Go to the line holding "Close-up shot of" in the data below and repeat it exactly, then each line after it up to and including the one holding "Скачать Распадок между". Omit pictures.

=== SUPPLIED MATERIAL ===

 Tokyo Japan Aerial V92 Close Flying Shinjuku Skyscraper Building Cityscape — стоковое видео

===
=== SUPPLIED MATERIAL ===

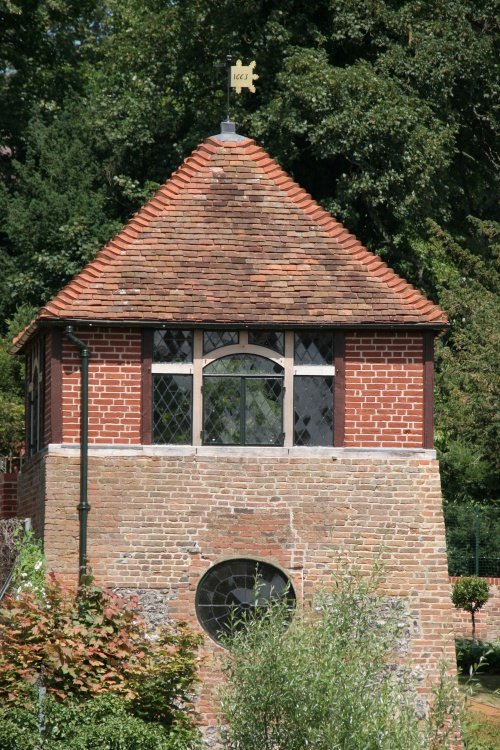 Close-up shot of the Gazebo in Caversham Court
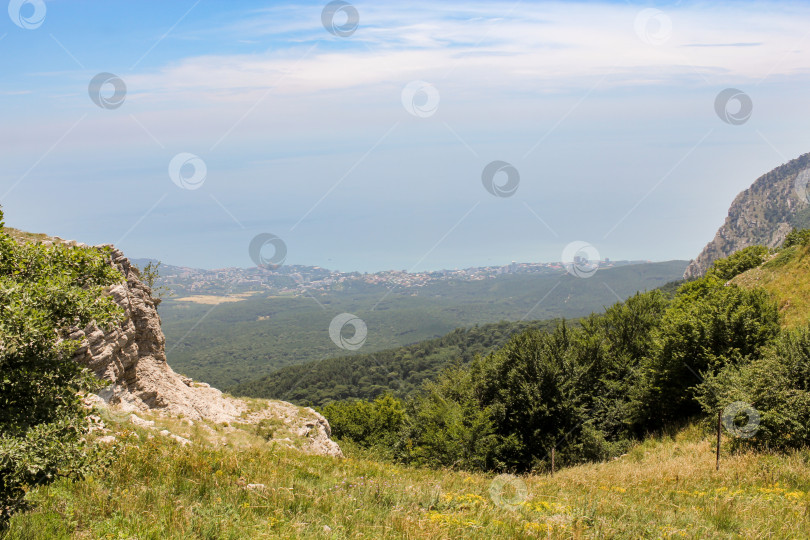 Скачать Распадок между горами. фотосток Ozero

===

EXERCISE OUTPUT —
 Close-up shot of the Gazebo in Caversham Court
 Скачать Распадок между горами. фотосток Ozero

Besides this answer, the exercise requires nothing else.